Below are records; reproduce exactly the lines from the one containing "torching_cropped horizontal" through the end, both included, and only those.

··· Given records ···

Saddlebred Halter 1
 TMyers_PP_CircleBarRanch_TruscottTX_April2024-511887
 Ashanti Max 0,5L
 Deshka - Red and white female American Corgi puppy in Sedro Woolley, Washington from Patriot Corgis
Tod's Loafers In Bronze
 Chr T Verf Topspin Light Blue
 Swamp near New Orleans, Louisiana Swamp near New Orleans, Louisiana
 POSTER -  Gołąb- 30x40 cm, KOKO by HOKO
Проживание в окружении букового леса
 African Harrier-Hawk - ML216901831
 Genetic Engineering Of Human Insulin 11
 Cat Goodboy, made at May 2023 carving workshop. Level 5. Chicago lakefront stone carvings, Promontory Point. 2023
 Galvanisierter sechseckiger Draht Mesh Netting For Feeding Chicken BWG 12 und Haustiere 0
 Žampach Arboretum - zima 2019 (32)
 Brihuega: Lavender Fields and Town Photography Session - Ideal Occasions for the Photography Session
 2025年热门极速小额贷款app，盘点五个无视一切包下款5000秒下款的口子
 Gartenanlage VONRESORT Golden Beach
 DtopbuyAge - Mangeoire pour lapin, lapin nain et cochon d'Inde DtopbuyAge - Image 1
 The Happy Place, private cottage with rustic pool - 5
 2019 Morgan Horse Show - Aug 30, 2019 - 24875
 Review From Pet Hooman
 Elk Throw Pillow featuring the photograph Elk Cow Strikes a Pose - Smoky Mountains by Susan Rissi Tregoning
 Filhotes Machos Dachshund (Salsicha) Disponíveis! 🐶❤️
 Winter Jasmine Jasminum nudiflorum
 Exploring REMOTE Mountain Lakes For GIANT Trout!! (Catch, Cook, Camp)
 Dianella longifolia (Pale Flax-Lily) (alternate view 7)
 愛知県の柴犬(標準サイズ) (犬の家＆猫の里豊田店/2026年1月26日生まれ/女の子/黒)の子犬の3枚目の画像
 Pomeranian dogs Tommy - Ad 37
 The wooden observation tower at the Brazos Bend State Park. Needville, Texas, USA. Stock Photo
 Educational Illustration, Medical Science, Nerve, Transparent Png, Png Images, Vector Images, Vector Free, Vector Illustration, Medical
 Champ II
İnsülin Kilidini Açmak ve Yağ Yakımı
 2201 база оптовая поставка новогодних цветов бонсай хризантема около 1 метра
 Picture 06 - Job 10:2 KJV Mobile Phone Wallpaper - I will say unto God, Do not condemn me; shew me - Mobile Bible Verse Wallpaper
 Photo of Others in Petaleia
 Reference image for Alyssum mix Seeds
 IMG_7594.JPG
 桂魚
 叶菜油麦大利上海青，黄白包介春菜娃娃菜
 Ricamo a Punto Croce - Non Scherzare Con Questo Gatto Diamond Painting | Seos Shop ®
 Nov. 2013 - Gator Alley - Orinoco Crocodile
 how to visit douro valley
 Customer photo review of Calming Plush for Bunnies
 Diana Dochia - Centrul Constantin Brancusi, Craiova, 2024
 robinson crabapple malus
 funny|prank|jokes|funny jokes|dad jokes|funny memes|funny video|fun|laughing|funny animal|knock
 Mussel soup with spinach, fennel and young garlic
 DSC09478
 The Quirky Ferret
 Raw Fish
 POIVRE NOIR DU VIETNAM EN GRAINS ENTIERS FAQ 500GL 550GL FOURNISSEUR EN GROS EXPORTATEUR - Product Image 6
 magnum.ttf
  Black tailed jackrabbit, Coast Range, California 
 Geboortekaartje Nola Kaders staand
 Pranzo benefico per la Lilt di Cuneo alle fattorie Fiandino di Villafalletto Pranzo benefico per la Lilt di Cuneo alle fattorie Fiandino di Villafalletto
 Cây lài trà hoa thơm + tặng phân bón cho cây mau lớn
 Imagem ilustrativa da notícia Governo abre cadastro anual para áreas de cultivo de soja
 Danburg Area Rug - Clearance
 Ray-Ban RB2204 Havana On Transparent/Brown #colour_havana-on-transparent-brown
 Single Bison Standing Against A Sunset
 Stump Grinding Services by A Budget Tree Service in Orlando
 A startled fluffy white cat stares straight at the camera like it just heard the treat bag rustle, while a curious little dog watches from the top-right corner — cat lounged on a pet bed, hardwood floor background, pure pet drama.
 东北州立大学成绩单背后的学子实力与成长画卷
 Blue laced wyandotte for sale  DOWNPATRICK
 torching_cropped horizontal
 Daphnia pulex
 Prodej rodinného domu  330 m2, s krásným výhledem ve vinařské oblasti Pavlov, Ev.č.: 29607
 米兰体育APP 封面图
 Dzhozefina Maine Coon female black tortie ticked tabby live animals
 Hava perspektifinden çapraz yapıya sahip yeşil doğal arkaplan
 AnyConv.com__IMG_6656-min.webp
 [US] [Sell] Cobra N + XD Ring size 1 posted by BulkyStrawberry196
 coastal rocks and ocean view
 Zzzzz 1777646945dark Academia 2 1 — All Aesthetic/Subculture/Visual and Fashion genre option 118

···

Exercise output:
 torching_cropped horizontal
 Daphnia pulex
 Prodej rodinného domu  330 m2, s krásným výhledem ve vinařské oblasti Pavlov, Ev.č.: 29607
 米兰体育APP 封面图
 Dzhozefina Maine Coon female black tortie ticked tabby live animals
 Hava perspektifinden çapraz yapıya sahip yeşil doğal arkaplan
 AnyConv.com__IMG_6656-min.webp
 [US] [Sell] Cobra N + XD Ring size 1 posted by BulkyStrawberry196
 coastal rocks and ocean view
 Zzzzz 1777646945dark Academia 2 1 — All Aesthetic/Subculture/Visual and Fashion genre option 118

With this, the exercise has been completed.